In the entries below, find the line with "Bow Ties 2pcs/set" and print exactly every line from there up to and including the line with "Plaisance - Work", with no other lines.

______________________________

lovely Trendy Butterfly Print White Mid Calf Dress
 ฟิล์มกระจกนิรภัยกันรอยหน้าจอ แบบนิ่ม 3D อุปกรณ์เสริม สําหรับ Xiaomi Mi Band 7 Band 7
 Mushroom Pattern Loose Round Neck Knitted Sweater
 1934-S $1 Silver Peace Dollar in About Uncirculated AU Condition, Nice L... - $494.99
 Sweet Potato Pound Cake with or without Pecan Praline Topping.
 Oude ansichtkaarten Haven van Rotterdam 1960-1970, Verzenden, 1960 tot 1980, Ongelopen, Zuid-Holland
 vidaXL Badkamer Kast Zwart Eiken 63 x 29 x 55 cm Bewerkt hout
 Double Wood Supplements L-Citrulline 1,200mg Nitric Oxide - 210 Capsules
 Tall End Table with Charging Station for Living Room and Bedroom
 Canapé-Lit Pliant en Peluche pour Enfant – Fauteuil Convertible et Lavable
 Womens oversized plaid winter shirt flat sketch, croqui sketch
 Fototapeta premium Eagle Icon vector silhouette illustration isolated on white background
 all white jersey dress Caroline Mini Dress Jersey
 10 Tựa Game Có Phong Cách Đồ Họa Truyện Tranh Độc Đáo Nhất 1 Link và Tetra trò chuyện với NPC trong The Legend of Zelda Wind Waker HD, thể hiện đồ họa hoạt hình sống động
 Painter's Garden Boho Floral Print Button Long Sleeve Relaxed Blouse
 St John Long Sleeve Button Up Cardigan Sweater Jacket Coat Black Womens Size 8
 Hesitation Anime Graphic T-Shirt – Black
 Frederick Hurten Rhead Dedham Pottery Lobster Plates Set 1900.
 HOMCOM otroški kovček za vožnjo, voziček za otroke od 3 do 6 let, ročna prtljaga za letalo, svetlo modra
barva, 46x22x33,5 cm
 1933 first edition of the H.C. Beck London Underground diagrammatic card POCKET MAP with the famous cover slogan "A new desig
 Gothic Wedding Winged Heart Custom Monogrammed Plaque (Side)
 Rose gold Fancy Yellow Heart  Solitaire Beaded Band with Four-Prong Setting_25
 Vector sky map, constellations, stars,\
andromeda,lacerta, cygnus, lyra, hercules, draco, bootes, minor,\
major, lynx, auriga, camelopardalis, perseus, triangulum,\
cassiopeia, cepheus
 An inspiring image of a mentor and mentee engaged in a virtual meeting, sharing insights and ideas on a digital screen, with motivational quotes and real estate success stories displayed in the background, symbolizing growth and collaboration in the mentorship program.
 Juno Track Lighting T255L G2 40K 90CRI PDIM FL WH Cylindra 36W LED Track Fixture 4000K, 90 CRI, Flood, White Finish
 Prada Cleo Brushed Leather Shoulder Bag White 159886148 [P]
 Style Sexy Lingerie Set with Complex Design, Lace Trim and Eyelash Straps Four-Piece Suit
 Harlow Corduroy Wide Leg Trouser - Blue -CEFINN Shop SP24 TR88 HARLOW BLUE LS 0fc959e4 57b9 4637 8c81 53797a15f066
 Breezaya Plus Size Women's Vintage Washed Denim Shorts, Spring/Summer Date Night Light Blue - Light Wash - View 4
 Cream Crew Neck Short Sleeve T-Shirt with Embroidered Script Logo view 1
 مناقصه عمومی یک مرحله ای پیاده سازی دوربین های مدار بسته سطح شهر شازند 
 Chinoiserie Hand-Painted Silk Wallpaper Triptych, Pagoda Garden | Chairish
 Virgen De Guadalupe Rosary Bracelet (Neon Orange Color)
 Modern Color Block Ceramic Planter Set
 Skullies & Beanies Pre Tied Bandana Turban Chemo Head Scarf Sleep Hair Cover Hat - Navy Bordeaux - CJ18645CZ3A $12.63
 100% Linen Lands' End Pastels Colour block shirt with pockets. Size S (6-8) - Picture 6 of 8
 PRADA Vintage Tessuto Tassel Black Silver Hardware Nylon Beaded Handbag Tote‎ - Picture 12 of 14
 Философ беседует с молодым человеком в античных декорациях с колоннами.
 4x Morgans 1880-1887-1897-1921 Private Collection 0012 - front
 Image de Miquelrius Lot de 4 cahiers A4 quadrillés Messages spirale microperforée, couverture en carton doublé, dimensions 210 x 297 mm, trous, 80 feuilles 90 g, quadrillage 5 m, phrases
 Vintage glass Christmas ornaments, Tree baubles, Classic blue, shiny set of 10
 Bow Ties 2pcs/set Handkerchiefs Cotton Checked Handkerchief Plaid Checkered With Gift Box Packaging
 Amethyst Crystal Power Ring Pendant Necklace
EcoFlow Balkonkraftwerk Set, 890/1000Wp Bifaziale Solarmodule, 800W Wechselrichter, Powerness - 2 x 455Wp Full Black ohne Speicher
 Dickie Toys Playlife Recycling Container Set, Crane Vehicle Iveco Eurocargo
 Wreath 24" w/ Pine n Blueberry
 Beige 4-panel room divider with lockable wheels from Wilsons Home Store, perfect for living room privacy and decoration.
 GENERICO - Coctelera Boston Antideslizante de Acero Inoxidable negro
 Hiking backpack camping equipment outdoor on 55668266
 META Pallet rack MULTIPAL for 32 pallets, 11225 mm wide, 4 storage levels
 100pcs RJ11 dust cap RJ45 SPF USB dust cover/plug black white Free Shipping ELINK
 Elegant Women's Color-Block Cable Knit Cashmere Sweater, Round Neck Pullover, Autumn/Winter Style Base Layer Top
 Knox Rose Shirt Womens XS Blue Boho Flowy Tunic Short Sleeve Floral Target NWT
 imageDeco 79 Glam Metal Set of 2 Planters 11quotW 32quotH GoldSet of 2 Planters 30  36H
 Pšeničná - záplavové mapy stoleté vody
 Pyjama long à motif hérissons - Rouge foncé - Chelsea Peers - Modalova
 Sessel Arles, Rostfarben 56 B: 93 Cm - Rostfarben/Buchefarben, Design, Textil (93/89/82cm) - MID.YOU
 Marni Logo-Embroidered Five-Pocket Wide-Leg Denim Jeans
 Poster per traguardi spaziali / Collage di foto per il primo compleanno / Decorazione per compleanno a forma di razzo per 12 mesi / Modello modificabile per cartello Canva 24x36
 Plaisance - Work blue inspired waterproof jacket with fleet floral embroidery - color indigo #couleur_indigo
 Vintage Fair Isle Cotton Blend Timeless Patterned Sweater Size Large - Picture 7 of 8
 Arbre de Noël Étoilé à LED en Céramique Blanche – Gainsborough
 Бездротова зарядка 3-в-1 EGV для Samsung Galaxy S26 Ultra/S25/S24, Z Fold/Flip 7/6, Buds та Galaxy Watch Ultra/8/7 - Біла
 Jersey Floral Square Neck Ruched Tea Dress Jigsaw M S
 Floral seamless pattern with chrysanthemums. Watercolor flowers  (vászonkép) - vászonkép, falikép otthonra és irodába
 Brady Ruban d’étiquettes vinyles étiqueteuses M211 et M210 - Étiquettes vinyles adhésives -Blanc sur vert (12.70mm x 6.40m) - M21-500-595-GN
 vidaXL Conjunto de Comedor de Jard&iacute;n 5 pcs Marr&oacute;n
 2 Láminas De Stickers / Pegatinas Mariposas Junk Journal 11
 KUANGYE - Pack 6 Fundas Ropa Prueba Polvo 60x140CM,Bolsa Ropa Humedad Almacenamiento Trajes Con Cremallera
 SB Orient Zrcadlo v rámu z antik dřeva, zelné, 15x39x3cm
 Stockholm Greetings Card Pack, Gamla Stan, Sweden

______________________________

Answer to this problem:
 Bow Ties 2pcs/set Handkerchiefs Cotton Checked Handkerchief Plaid Checkered With Gift Box Packaging
 Amethyst Crystal Power Ring Pendant Necklace
EcoFlow Balkonkraftwerk Set, 890/1000Wp Bifaziale Solarmodule, 800W Wechselrichter, Powerness - 2 x 455Wp Full Black ohne Speicher
 Dickie Toys Playlife Recycling Container Set, Crane Vehicle Iveco Eurocargo
 Wreath 24" w/ Pine n Blueberry
 Beige 4-panel room divider with lockable wheels from Wilsons Home Store, perfect for living room privacy and decoration.
 GENERICO - Coctelera Boston Antideslizante de Acero Inoxidable negro
 Hiking backpack camping equipment outdoor on 55668266
 META Pallet rack MULTIPAL for 32 pallets, 11225 mm wide, 4 storage levels
 100pcs RJ11 dust cap RJ45 SPF USB dust cover/plug black white Free Shipping ELINK
 Elegant Women's Color-Block Cable Knit Cashmere Sweater, Round Neck Pullover, Autumn/Winter Style Base Layer Top
 Knox Rose Shirt Womens XS Blue Boho Flowy Tunic Short Sleeve Floral Target NWT
 imageDeco 79 Glam Metal Set of 2 Planters 11quotW 32quotH GoldSet of 2 Planters 30  36H
 Pšeničná - záplavové mapy stoleté vody
 Pyjama long à motif hérissons - Rouge foncé - Chelsea Peers - Modalova
 Sessel Arles, Rostfarben 56 B: 93 Cm - Rostfarben/Buchefarben, Design, Textil (93/89/82cm) - MID.YOU
 Marni Logo-Embroidered Five-Pocket Wide-Leg Denim Jeans
 Poster per traguardi spaziali / Collage di foto per il primo compleanno / Decorazione per compleanno a forma di razzo per 12 mesi / Modello modificabile per cartello Canva 24x36
 Plaisance - Work blue inspired waterproof jacket with fleet floral embroidery - color indigo #couleur_indigo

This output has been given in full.